The point to be made is that if the structures constitutive of the human body lend themselves to useful musical respresentation, there would appear to be a case for seeking to represent the legal instruments purportedly constitutive of the human community to music -- as has been characteristic of many faith-based communities of the past. This argument of course applies more generally to any understandings of conceptual complexes -- understood as memes. The challenge might be framed as one of setting memes to music
These possibilities have notably been considered in relation to institutional structures and their strategies (Animating the Representation of Europe: visualizing the coherence of international institutions using dynamic animal-like structures, 2004; Polyhedral Pattern Language: software facilitation of emergence, representation and transformation of psycho-social organization, 2008).

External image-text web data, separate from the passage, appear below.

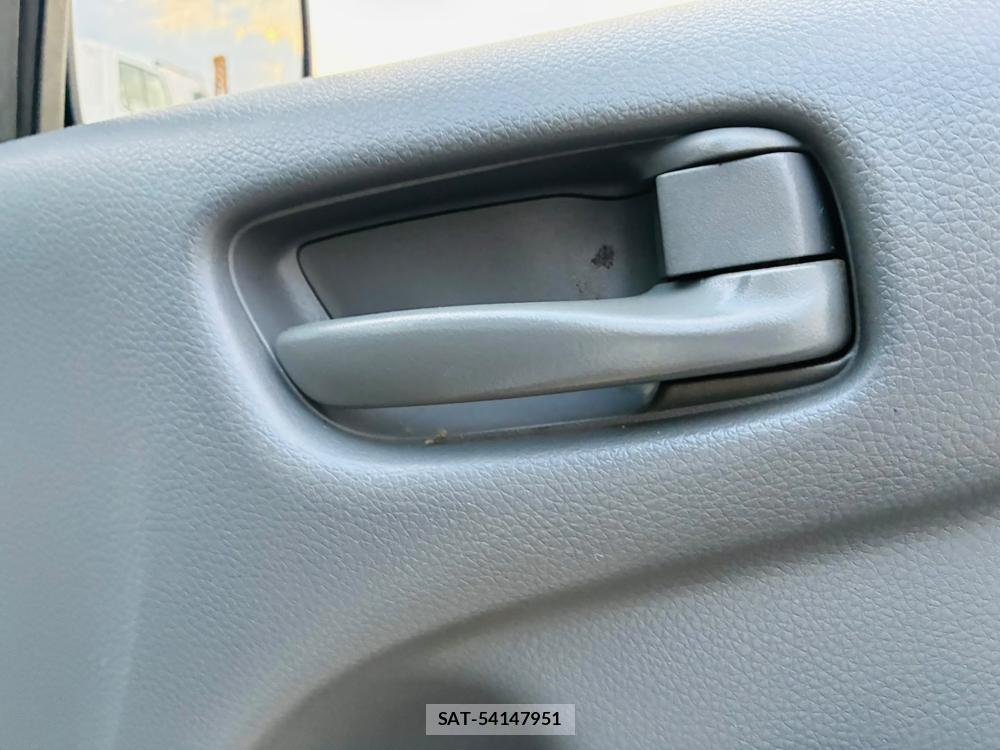 Nissan NV350 Caravan 2020-07 8205318-20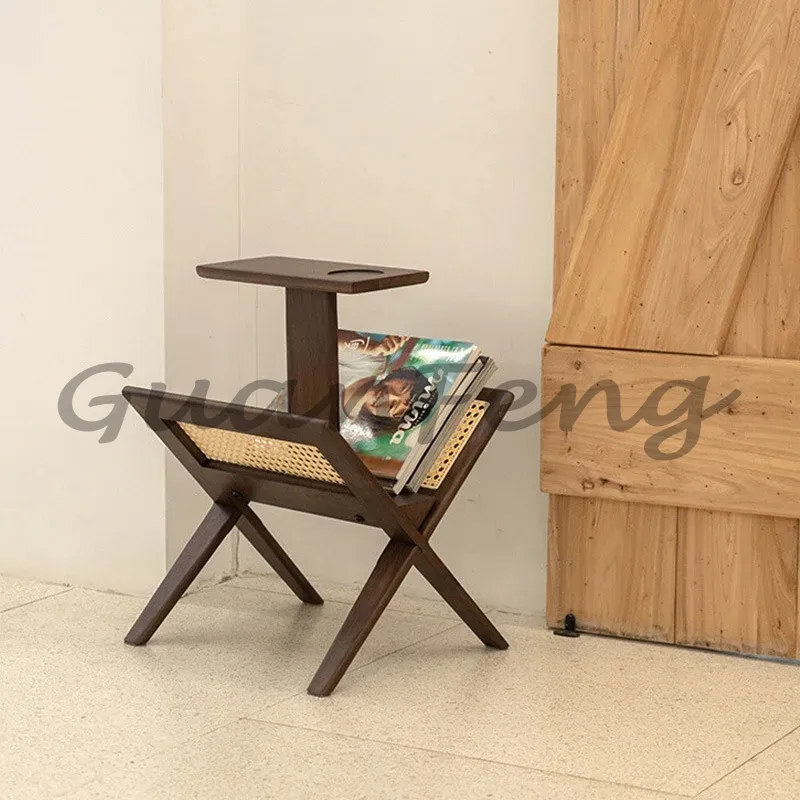 無垢材とラタンを使用した、シンプルでスタイリッシュな収納ラッ - Magazine Holder Rack のレビューと価格
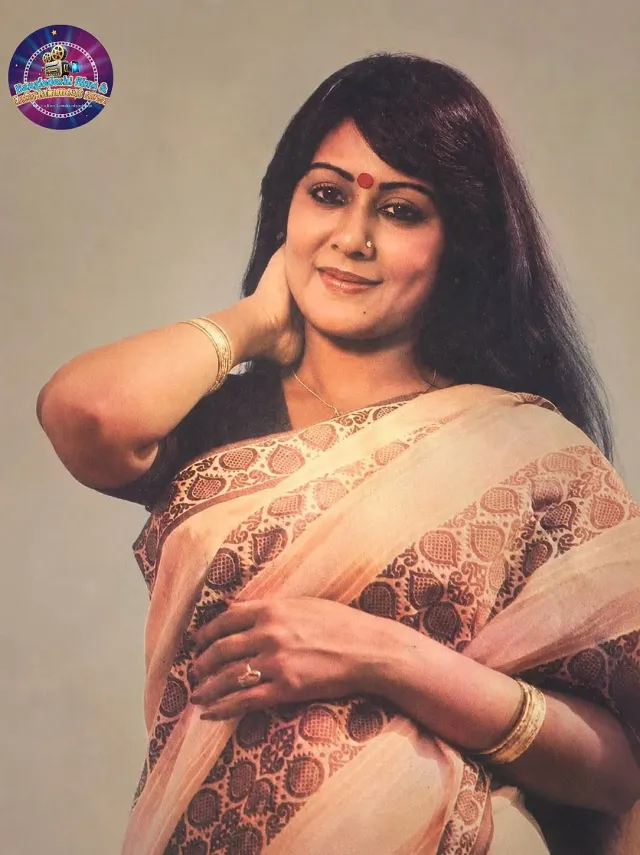 সাদামাটা শাড়ির সাজে দোয়েল চোখ জুড়িয়েছেন, যিনি অল্প বয়সেই পৃথিবী ছেড়ে চলে যান।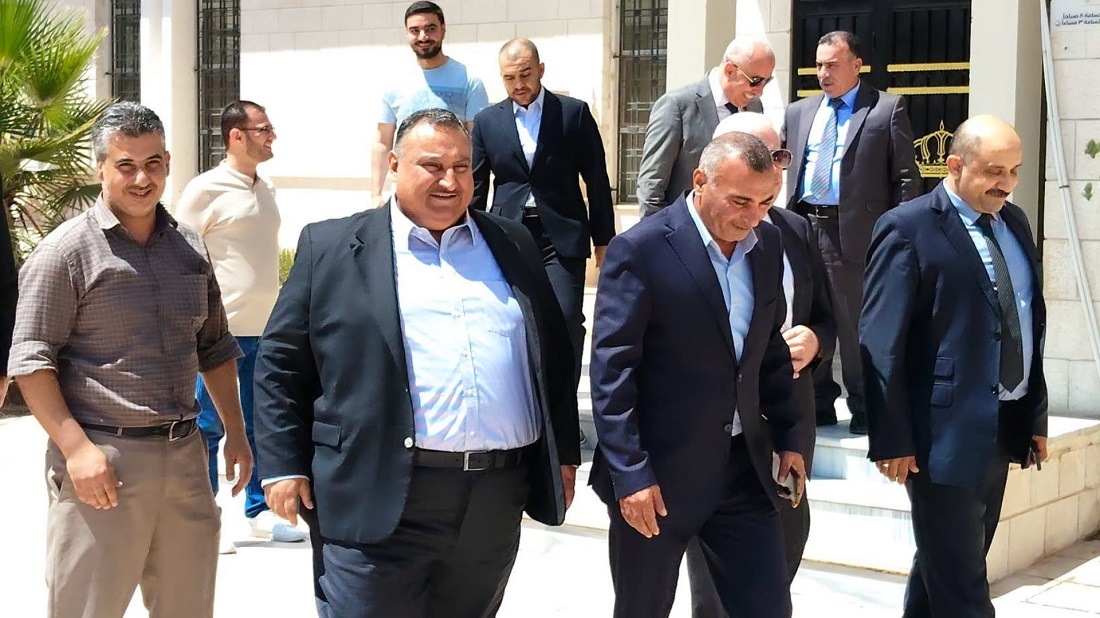 صورة حول : محافظ إربد يؤكد تكامل الجهود لتحسين الخدمات في لواء الرمثا محافظ إربد يؤكد تكامل الجهود لتحسين الخدمات في لواء الرمثا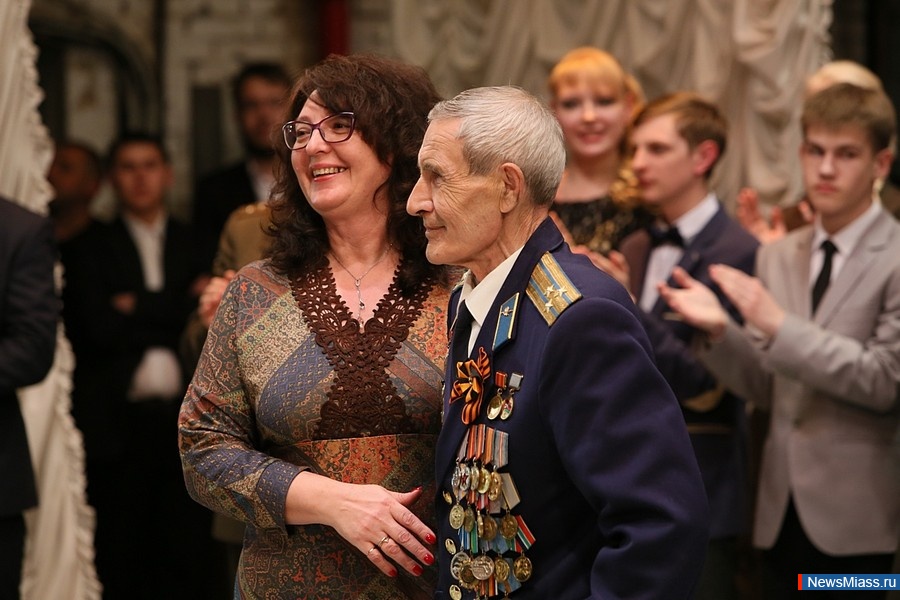   - !.     - XI   -    " "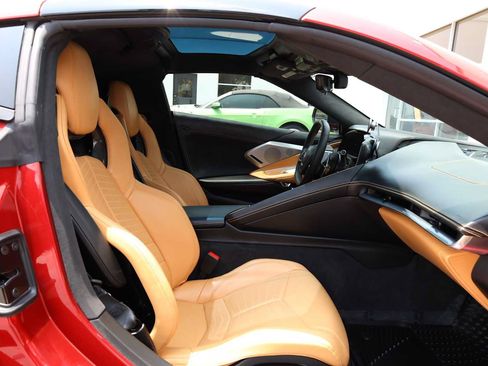 Used 2023 Chevrolet Corvette Stingray Premium Cpe w/ Z51 Performance Package RWD image 37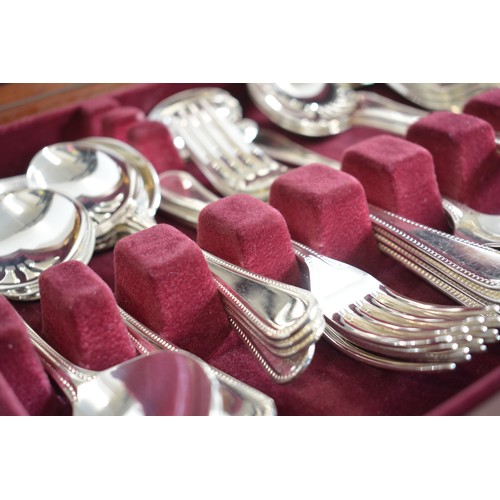 70 - 60 piece Sheffield Cutlery canteen with beaded design.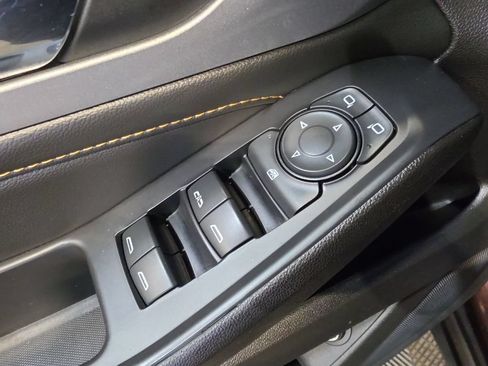 Used 2021 Chevrolet Traverse LT FWD image 15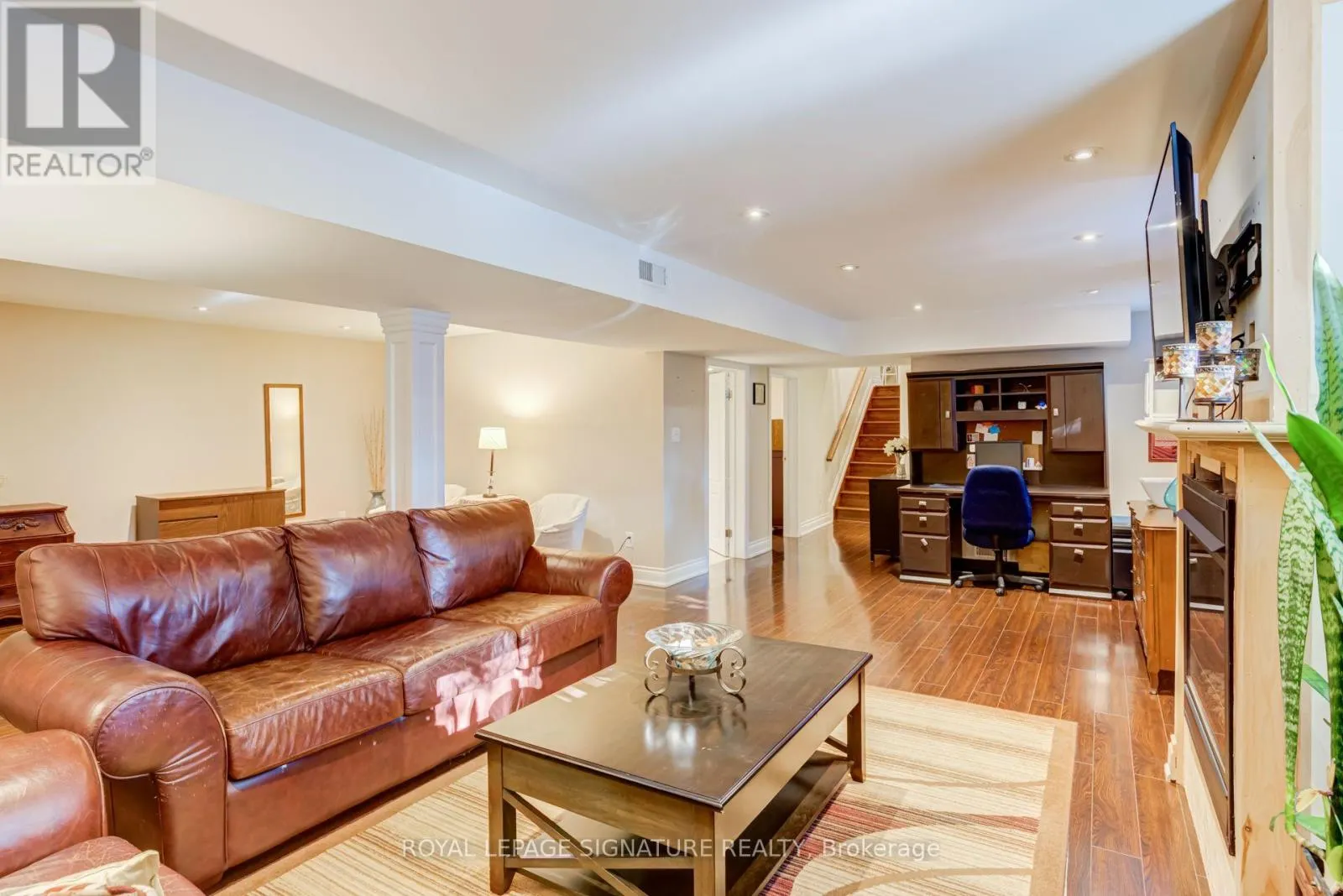 2544 SHARON CRESCENT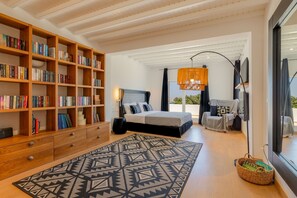 3 slaapkamers, een strijkplank/strijkijzer, reisbedje, gratis wifi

Of particular interest is the value of such approach in relation to major global initiatives, conventionally embodied in lengthy, indigestible texts -- widely acknowledged as essentially unread, even by relevant policy-makers. The 300-page EU Lisbon Treaty is a prime example. This is liable to be the fate of the outcome of the Copenhagen effort to give form to the United Nations Framework Convention on Climate Change -- as a successor to the essentially forgotten Agenda 21 agreed in 1992.
Relevant discussion of possibilities in relation to declarations includes:
Potentially of great interest is the relation of such approaches to cultures and sub-cultures (whether in developed or developing countries) for which music is a primary mode of communication. Africa offers an especially interesting example (Knowledge Gardening through Music: eliciting patterns of coherence for African management as an alternative to Project Logic, 2000).
As previously discussed (Convertor from Text to Poetry, Song or Music: computer-assisted aesthetic enhancement of treaties, declarations and agreements, 2007), there are interesting possibilities for research on the attribution of musical devices to portions of text.
The question is how far it is possible to go in embodying into music a cognitive pattern conventionally expressed in text. Some simple approaches are to allocate key combinations (chords) to keywords or key phrases in a text. This might be extended to melodies based on those chords. Clearly such attributions could more easily be done in the personalization of a transposition process, in a manner somewhat analogous to the use of "skins" in personalizing a browser window. An organization website might in this way provide a set of musical codes for the topic themes with which it was preoccupied.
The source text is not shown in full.